[Stored items]
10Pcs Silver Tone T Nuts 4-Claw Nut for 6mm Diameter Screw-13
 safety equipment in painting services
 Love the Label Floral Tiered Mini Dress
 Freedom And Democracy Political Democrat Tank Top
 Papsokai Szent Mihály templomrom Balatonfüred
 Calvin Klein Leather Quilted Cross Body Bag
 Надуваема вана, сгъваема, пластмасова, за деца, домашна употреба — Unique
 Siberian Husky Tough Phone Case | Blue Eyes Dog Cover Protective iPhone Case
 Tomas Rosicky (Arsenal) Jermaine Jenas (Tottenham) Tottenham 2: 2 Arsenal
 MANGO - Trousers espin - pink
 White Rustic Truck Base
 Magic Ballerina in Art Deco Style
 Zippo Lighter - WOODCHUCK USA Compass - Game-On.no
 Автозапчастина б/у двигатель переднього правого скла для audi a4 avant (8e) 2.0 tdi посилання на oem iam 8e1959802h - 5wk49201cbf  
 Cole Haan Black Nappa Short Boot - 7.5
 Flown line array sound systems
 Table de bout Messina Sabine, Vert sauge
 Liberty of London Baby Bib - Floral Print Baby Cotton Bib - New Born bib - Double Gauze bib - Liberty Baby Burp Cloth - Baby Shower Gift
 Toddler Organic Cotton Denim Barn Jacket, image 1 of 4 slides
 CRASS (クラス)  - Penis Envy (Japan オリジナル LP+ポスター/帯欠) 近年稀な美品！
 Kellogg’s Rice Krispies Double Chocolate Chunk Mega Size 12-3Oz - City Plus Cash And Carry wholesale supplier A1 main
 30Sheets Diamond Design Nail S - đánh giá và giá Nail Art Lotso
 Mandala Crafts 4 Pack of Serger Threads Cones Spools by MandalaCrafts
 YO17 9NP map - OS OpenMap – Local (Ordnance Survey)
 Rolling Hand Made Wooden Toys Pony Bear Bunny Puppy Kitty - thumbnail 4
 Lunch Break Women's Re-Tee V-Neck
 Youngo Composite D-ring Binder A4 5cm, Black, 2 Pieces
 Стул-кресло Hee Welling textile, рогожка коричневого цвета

**What to produce:** Write out the full set of records exactly as given.

**Solution below:**
10Pcs Silver Tone T Nuts 4-Claw Nut for 6mm Diameter Screw-13
 safety equipment in painting services
 Love the Label Floral Tiered Mini Dress
 Freedom And Democracy Political Democrat Tank Top
 Papsokai Szent Mihály templomrom Balatonfüred
 Calvin Klein Leather Quilted Cross Body Bag
 Надуваема вана, сгъваема, пластмасова, за деца, домашна употреба — Unique
 Siberian Husky Tough Phone Case | Blue Eyes Dog Cover Protective iPhone Case
 Tomas Rosicky (Arsenal) Jermaine Jenas (Tottenham) Tottenham 2: 2 Arsenal
 MANGO - Trousers espin - pink
 White Rustic Truck Base
 Magic Ballerina in Art Deco Style
 Zippo Lighter - WOODCHUCK USA Compass - Game-On.no
 Автозапчастина б/у двигатель переднього правого скла для audi a4 avant (8e) 2.0 tdi посилання на oem iam 8e1959802h - 5wk49201cbf  
 Cole Haan Black Nappa Short Boot - 7.5
 Flown line array sound systems
 Table de bout Messina Sabine, Vert sauge
 Liberty of London Baby Bib - Floral Print Baby Cotton Bib - New Born bib - Double Gauze bib - Liberty Baby Burp Cloth - Baby Shower Gift
 Toddler Organic Cotton Denim Barn Jacket, image 1 of 4 slides
 CRASS (クラス)  - Penis Envy (Japan オリジナル LP+ポスター/帯欠) 近年稀な美品！
 Kellogg’s Rice Krispies Double Chocolate Chunk Mega Size 12-3Oz - City Plus Cash And Carry wholesale supplier A1 main
 30Sheets Diamond Design Nail S - đánh giá và giá Nail Art Lotso
 Mandala Crafts 4 Pack of Serger Threads Cones Spools by MandalaCrafts
 YO17 9NP map - OS OpenMap – Local (Ordnance Survey)
 Rolling Hand Made Wooden Toys Pony Bear Bunny Puppy Kitty - thumbnail 4
 Lunch Break Women's Re-Tee V-Neck
 Youngo Composite D-ring Binder A4 5cm, Black, 2 Pieces
 Стул-кресло Hee Welling textile, рогожка коричневого цвета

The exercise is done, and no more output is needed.